The task involves two parts, easy and hard. Both involve computing the ratio of the average btc/usd price at two exchanges, Bitmex (bmex) and Coinbase Pro (gdax).
Bitmex is the leading cryptocurrency derivitives exchange, while GDAX (the old name that Coinbase Pro once went by) is the leading "spot" exchange (in my mind, at least).
The "average price" should be calculated as the weighted average of the trades for each exchange, with the weights being the amounts of each trade.
Both queries involve time-based group by aggregations.
For time slots where there is missing data (i.e. no rows) for either or both exchanges,
NULL or other "missing" indicator should be returned instead. The final output should not have gaps in the time column.
The Easy Part
The easy query is the ratio of the hourly size-weighted average btc/usd price between bmex and gdax.
Here is the calculation for a single hour in Python/Pandas code:
df: pd.DataFrame = # .. <- all trades across all markets/dates, df has DatetimeIndex start = "2018-10-03T04:00:00Z" # <- randomly selected start/end end = "2018-10-03T05:00:00Z" # important point is, 1h span target_hr = (df.index >= start) & (df.index < end) of_btcusd = df['ticker'] == 'btc_usd' of_bmex = df['exch'] == 'bmex' of_gdax = df['exch'] == 'gdax' bmex_hr = df.loc[target_hr & of_bmex & of_btcusd, ['price', 'amount']] gdax_hr = df.loc[target_hr & of_gdax & of_btcusd, ['price', 'amount']] bmex_size_wt_price = ( (bmex_hr['price'] * bmex_hr['amount']).sum() / bmex_hr['amount'].sum() ) gdax_size_wt_price = ( (gdax_hr['price'] * gdax_hr['amount']).sum() / gdax_hr['amount'].sum() ) ratio = bmex_size_wt_price / gdax_size_wt_price # <- final answer (for start,end hr at least)
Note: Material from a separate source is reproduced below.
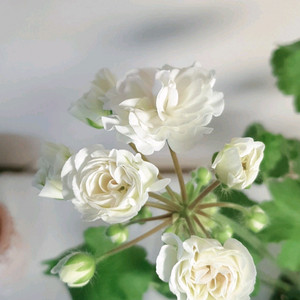 갈리나울라노바 제라늄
If Python isn't your cup of tea, don't worry, we've got a Rust reference implementation ahead, as well as SQL (in several flavors).
What I like about this query
- there's significant filtering involved - it'd be possible to avoid a lot of work with intellgent indexing or data layout
- there's real CPU work to do to compute the weighted average. this is not just 'how fast can you read from a disk'
- it's big enough data that I expect IO and memory bandwidth will be significant considerations
- the output is only one number per hour, which makes it simpler to validate results against one another
- it's realistic: this is something you might actually find yourself computing. I'm certainly interested to see how it pans out over the whole data set
What it doesn't show:
- it doesn't require sequential processing. Many types of data (order book updates, for example) are a series of state updates that make no sense when processed out of order. In contrast, each hour in our query is an entirely independent computation, and thus can be parallelized. It doesn't even matter what order the rows are processed, inside of each hour grouping. For sequential data, we'd have to be a lot more clever about query parallelism
The Hard Part
The hard query is, every 10 seconds between the minimum and maximum time in the trades data set, calculate the ratios of the size-weighted average btc/usd price between bmex and gdax over the previous 5 minute, 15 minute and 60 minute lookback horizons (relative to that row's time).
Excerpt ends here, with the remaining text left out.